Tytuł projektu:  „Akademia Innowacyjnych Zastosowań Technologii Cyfrowych (AI Tech)”
    </center>

In this lab, you will implement some of the techniques discussed in the lecture.

Below you are given a solution to the previous scenario. Note that it has two serious drawbacks:
 * The output predictions do not sum up to one (i.e. it does not return a distribution) even though the images always contain exactly one digit.
 * It uses MSE coupled with output sigmoid which can lead to saturation and slow convergence 

**Task 0.** Implement a numerically stable version of softmax.

**Task 1.** Use softmax instead of coordinate-wise sigmoid and use log-loss instead of MSE. Test to see if this improves convergence. Hint: When implementing backprop it might be easier to consider these two functions as a single block and not even compute the gradient over the softmax values. 

**Task 2.** Implement L2 regularization and add momentum to the SGD algorithm. Play with different amounts of regularization and momentum. See if this improves accuracy/convergence.

**Task 3 (optional).** Implement Adagrad or AdamW (currently popular in LLM training), dropout, and some simple data augmentations (e.g. tiny rotations/shifts, etc.). Again, test to see how these changes improve accuracy/convergence.

**Task 4.** Try adding extra layers to the network. Again, test how the changes you introduced affect accuracy/convergence. As a start, you can try this architecture: [784,100,30,10]

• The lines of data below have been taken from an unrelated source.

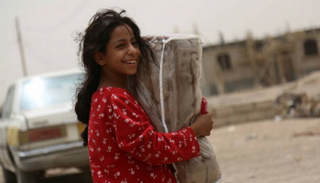 "سلمان للإغاثة" يوزع مساعدات إيوائية للنازحين من البيضاء إلى مأرب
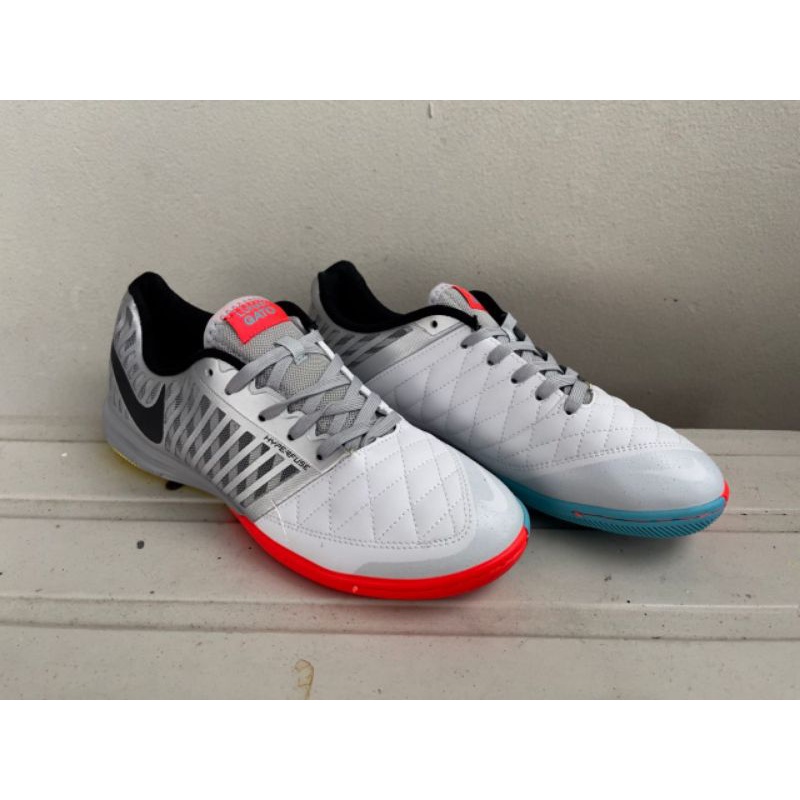 Sepatu Futsal Nike Lunar Gato II Silver
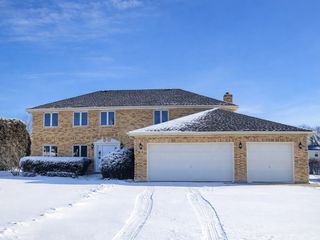 729 N 8th Avenue, Addison, IL 60101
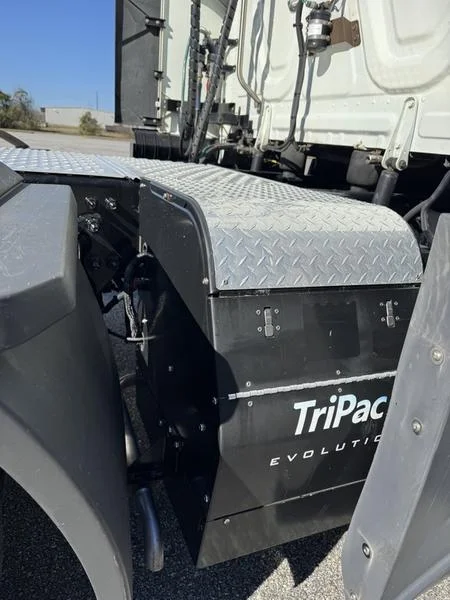 2022 Freightliner Cascadia - image 5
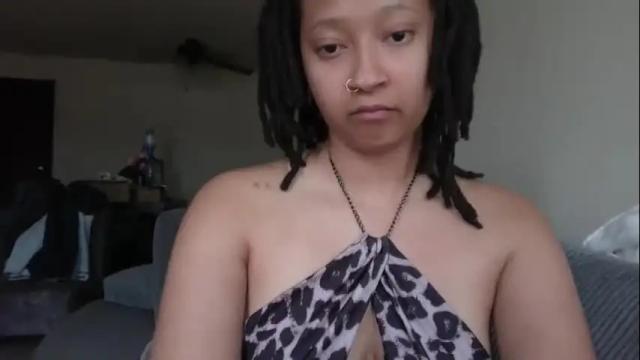 Image 10 of clioenchants Stream on Chaturbate on 25 days ago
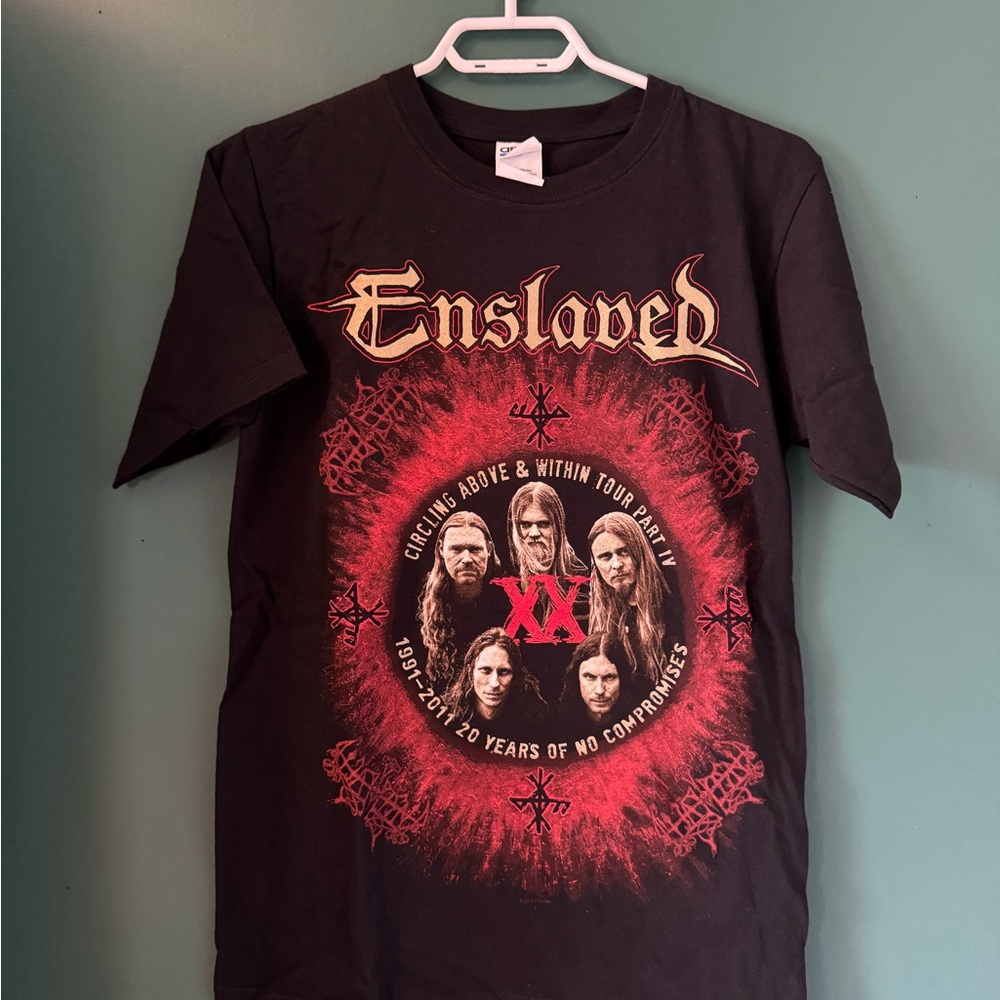 BNWOT Enslaved Concert Tee Unisex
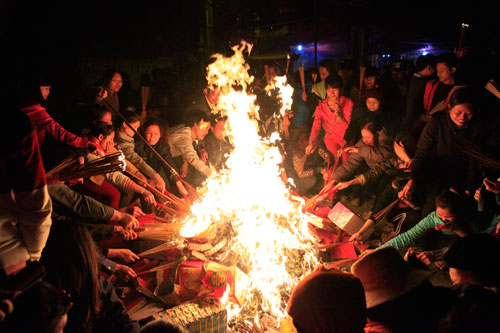 HN: Hàng trăm người lao vào xin lửa mang về nhà - 11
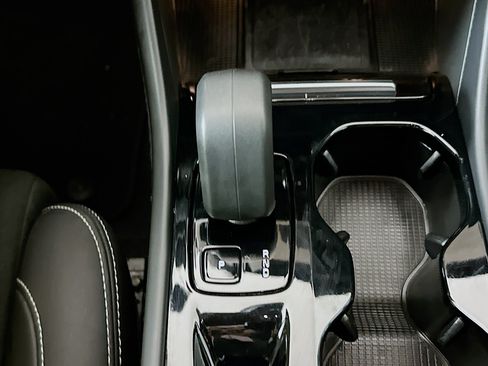 Used 2023 Volvo XC40 B4 Plus FWD image 25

The provided model evaluation code (`evaluate_model`) may take some time to complete. During implementation, you can change the number of evaluated models to 1 and reduce the number of tested learning rates, and epochs.  


In [None]:
!pip install tqdm
!pip install pandas

In [2]:
import random
import numpy as np
from torchvision import datasets, transforms
from typing import List, Any, Tuple, Optional, Callable, Dict
from numpy.typing import NDArray
import json
from tqdm import tqdm
import pandas as pd

In [3]:
# Let's read the mnist dataset


def load_mnist(path: str = "."):
    train_set = datasets.MNIST(path, train=True, download=True)
    x_train = train_set.data.numpy()
    _y_train = train_set.targets.numpy()

    test_set = datasets.MNIST(path, train=False, download=True)
    x_test = test_set.data.numpy()
    _y_test = test_set.targets.numpy()

    x_train = x_train.reshape((x_train.shape[0], 28 * 28)) / 255.0
    x_test = x_test.reshape((x_test.shape[0], 28 * 28)) / 255.0

    y_train = np.zeros((_y_train.shape[0], 10))
    y_train[np.arange(_y_train.shape[0]), _y_train] = 1

    y_test = np.zeros((_y_test.shape[0], 10))
    y_test[np.arange(_y_test.shape[0]), _y_test] = 1

    return (x_train, y_train), (x_test, y_test)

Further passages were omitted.